RECORDS FOR THIS EXERCISE:

++++

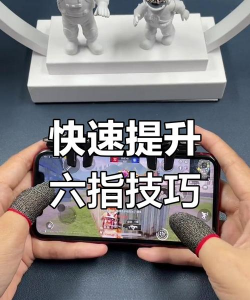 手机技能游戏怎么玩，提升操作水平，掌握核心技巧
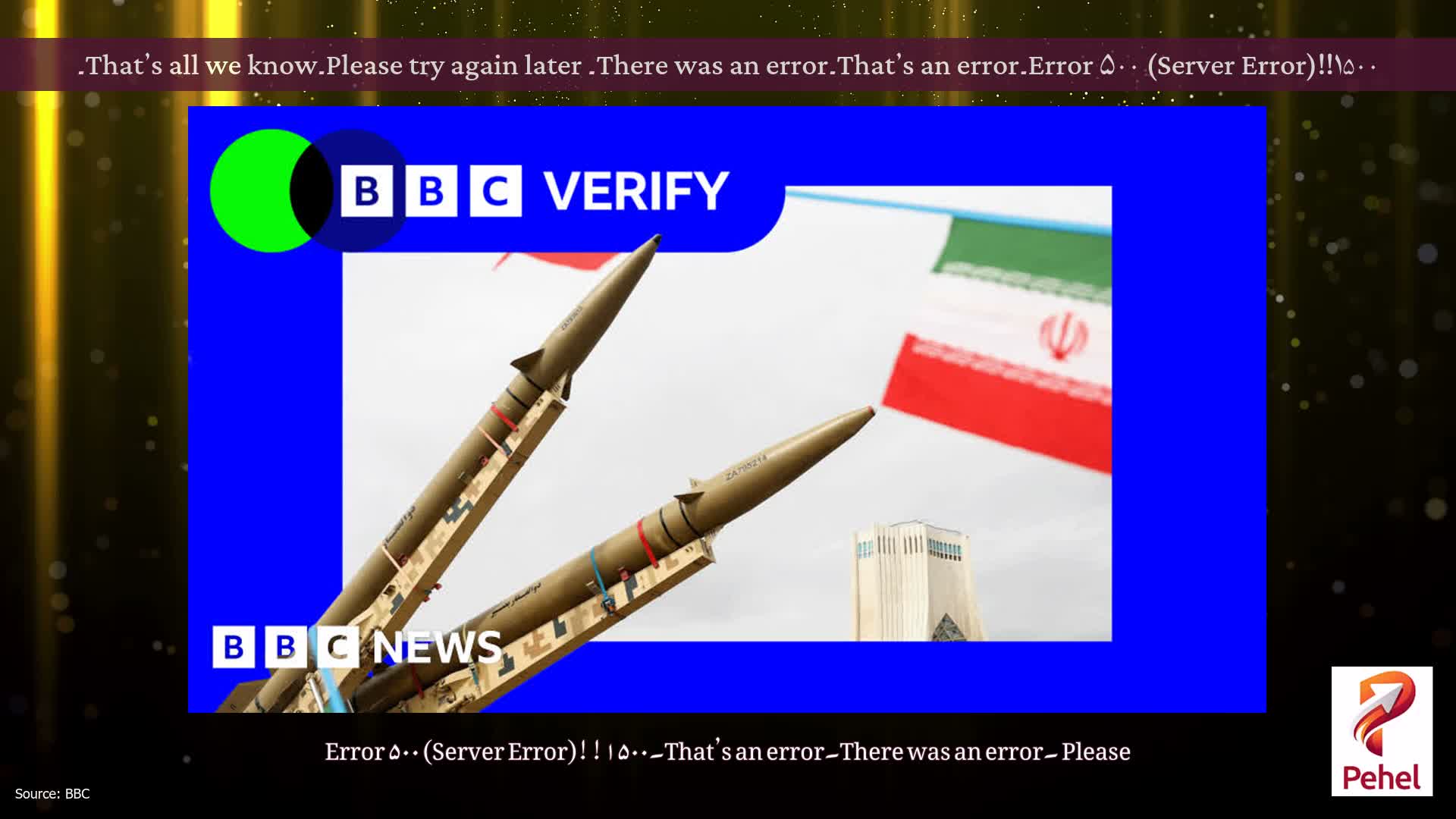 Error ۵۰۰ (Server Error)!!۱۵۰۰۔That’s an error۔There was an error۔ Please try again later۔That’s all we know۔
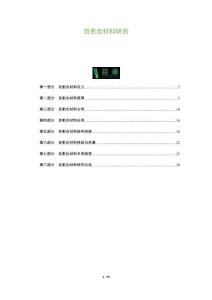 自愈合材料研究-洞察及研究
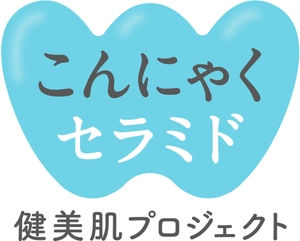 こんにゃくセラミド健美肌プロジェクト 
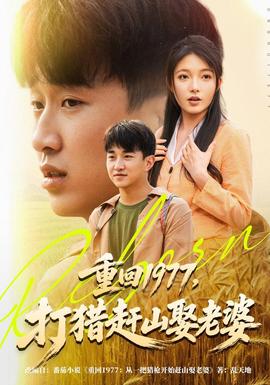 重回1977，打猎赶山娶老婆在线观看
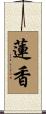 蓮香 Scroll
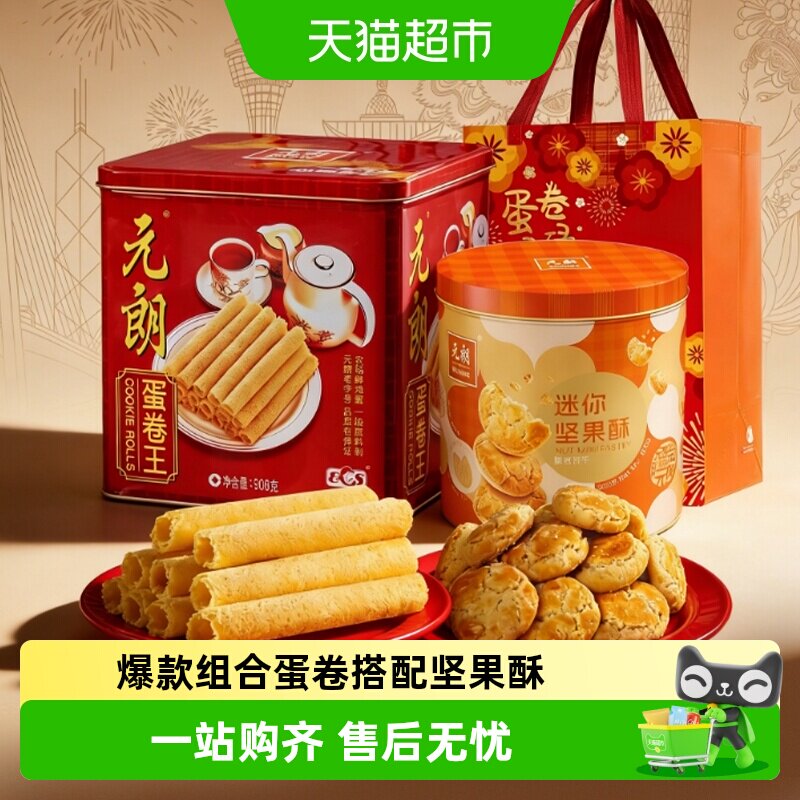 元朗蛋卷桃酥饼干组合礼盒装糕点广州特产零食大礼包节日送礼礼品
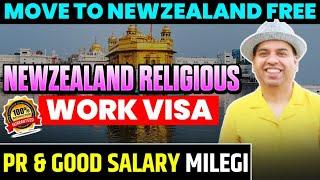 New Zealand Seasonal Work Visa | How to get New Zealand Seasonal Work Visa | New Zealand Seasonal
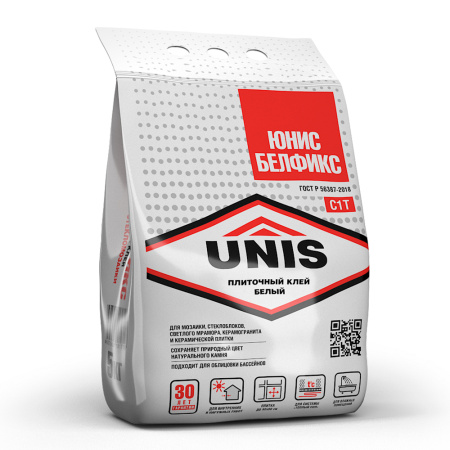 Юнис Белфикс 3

++++

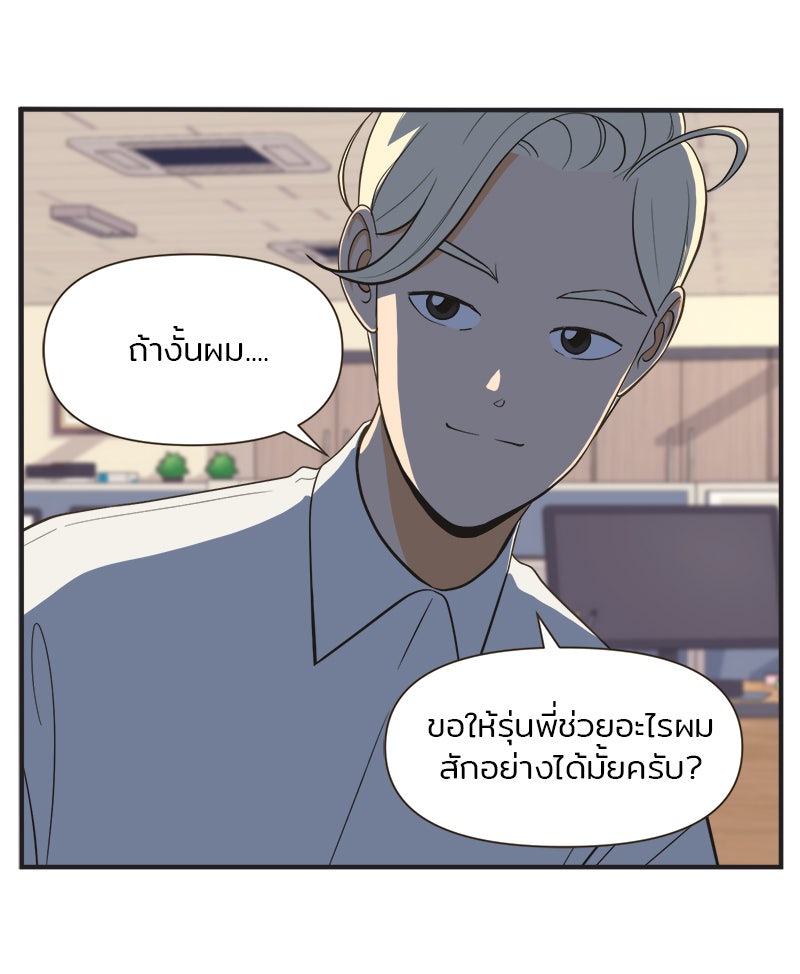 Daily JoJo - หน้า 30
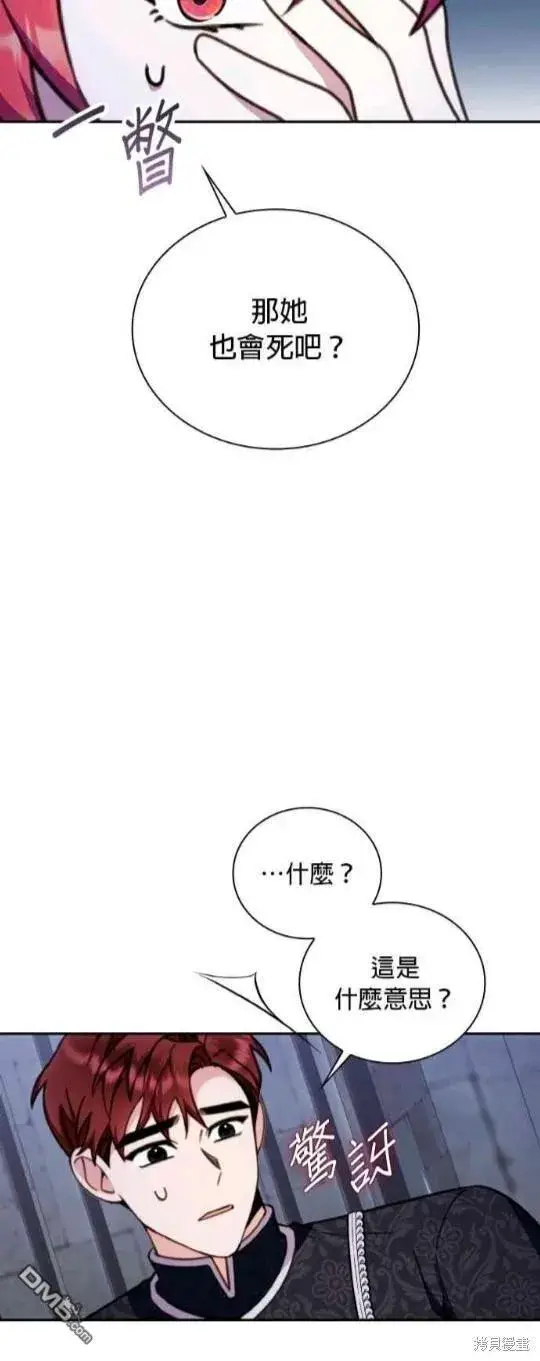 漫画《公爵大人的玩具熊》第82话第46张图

++++

WHAT TO DO: The reply should hold exactly the lines above, starting at the line with "重回1977，打猎赶山娶老婆在线观看" and ending at the line with "Юнис Белфикс 3", and no pictures.

RESPONSE BOX:
 重回1977，打猎赶山娶老婆在线观看
 蓮香 Scroll
 元朗蛋卷桃酥饼干组合礼盒装糕点广州特产零食大礼包节日送礼礼品
 New Zealand Seasonal Work Visa | How to get New Zealand Seasonal Work Visa | New Zealand Seasonal
 Юнис Белфикс 3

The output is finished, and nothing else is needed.